Stablecoins as the new cash back: Bridget Harris on yield becoming consumer standard

Feb 28, 2025

Key Points

  • Stablecoin yield is becoming table stakes in consumer fintech as Coinbase offers 4.1% APY on USDC and Robinhood pushes tiered rates, mirroring how cash back normalized on credit cards.
  • Stablecoin supply will climb substantially as yield expectations stick with consumers, but momentum depends on sustained high interest rates.
  • Tether and other stablecoin issuers capture yield premiums directly from these products, effectively printing money at scale while retail access to the tokens themselves remains structurally limited.

Summary

Stablecoins as the new cash back: Yield becoming consumer standard

Bridget Harris, a partner at Founders Fund, argues that stablecoins are becoming the primary mechanism for delivering yield to consumers, and this shift will reshape fintech as fundamentally as cash back did for credit cards.

The mechanism is straightforward: once consumers experience yield on stablecoins, the expectation becomes sticky. Harris notes that Latin America is the first mover, but major US fintech platforms are now rolling out yield offerings as standard features. Coinbase automatically offers 4.1% APY on any USDC held on its platform. Robinhood is pushing different APY rates for subscribers. The pattern mirrors how cash back worked—it started as a novelty, became normalized, and is now table stakes. Going backward is hard once users have adjusted to free money.

The supply implication is material. Harris predicts stablecoin supply will climb substantially as yield becomes the default expectation rather than a selling point. The constraint, though, is environmental: high yield on stablecoins depends on high interest rates. In a zero-rate environment, generating meaningful APY becomes difficult, which suggests the current momentum is partly rate-dependent.

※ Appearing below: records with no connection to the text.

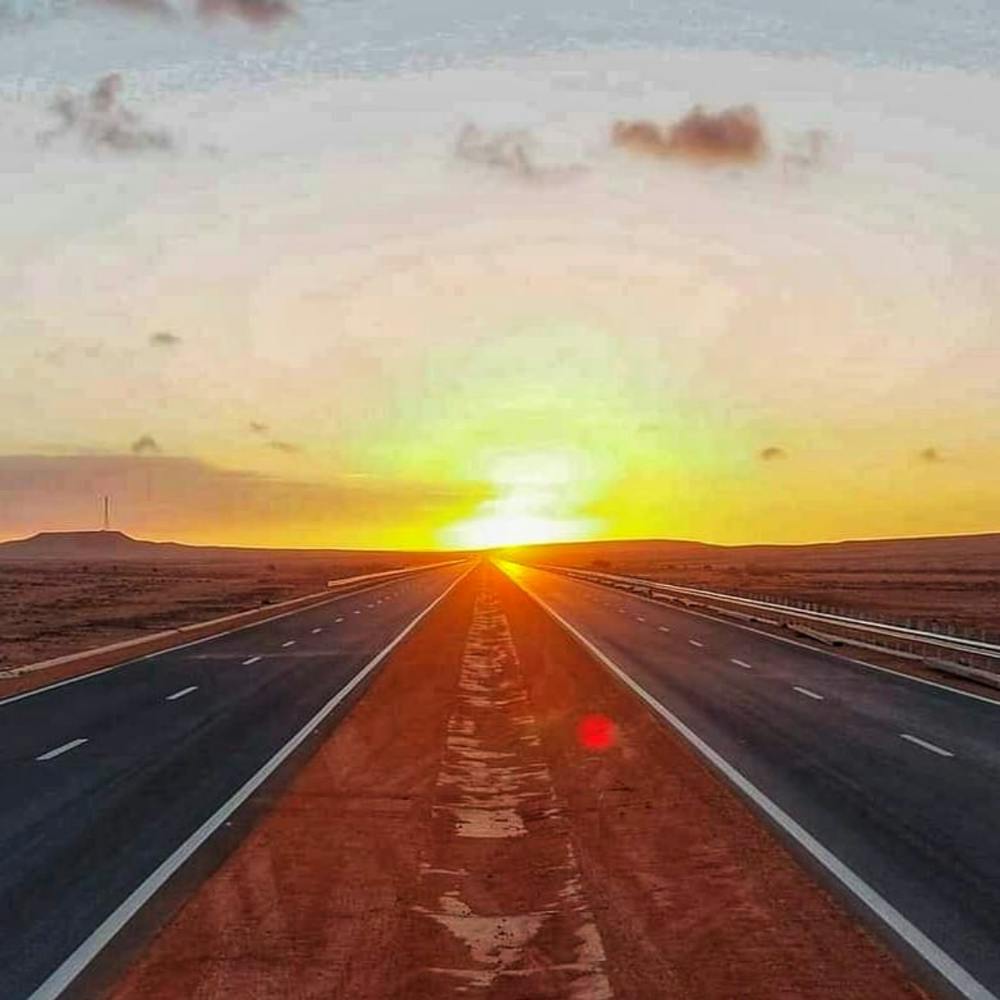 Sunset On The Highway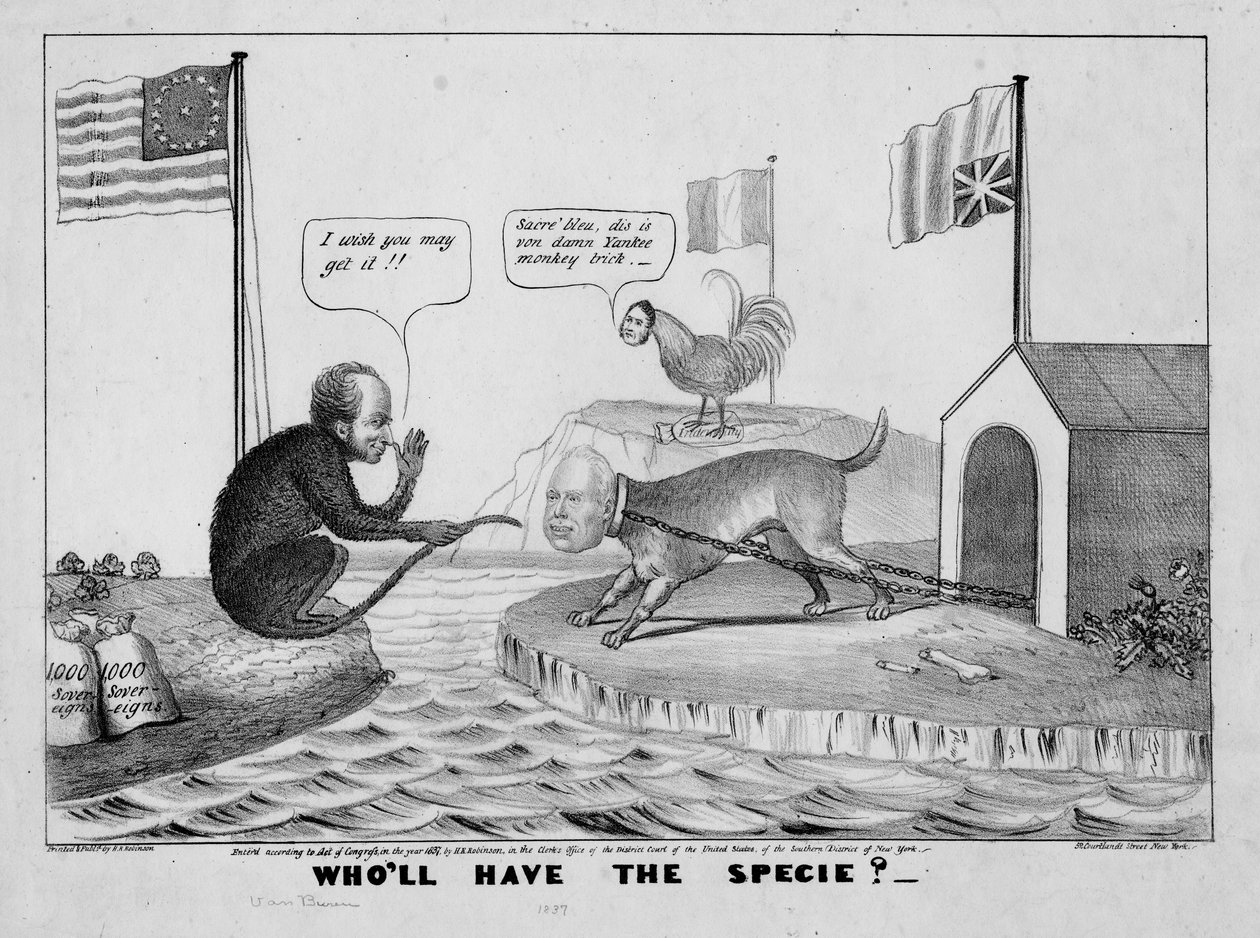 Hvem har arten?, 1837 av American School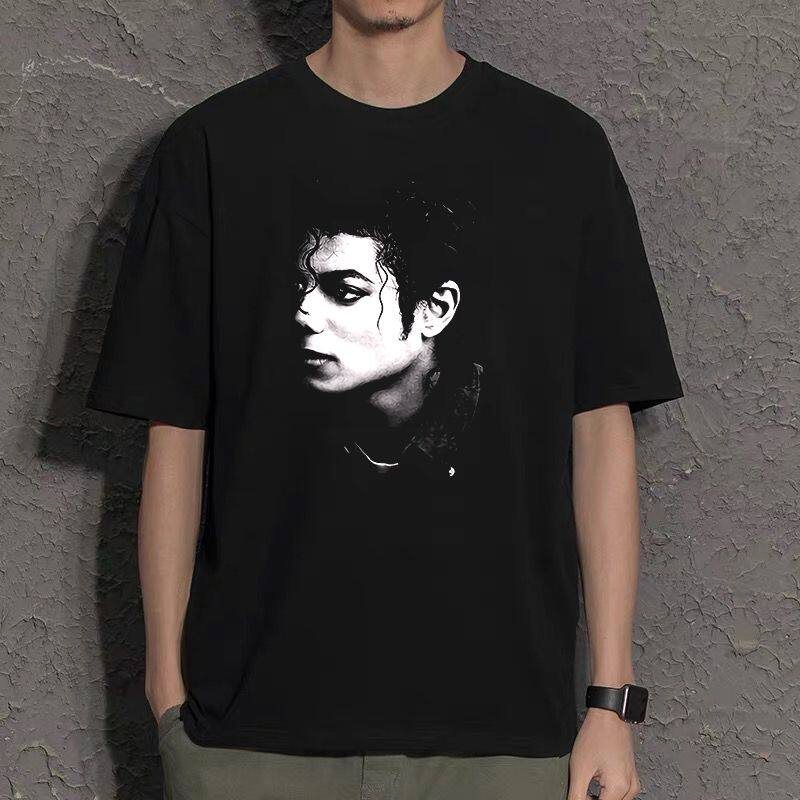 Michael Jackson Commemorative Printed Short Sleeve Vintage Clothing for Men and Women TShirts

There is irony in the timing. Balaji Srinivasan, through his company 21 Co, was theoretically formative in exploring stablecoins and micropayments years ago, but the technology wasn't ready at scale. Now the infrastructure exists, yet one structural oddity persists: the tokens themselves—like Tether—are hard for retail investors to access directly, even as the yield products built on them see mainstream adoption. Tether and similar issuers capture the yield premium directly, which amounts to printing money at scale.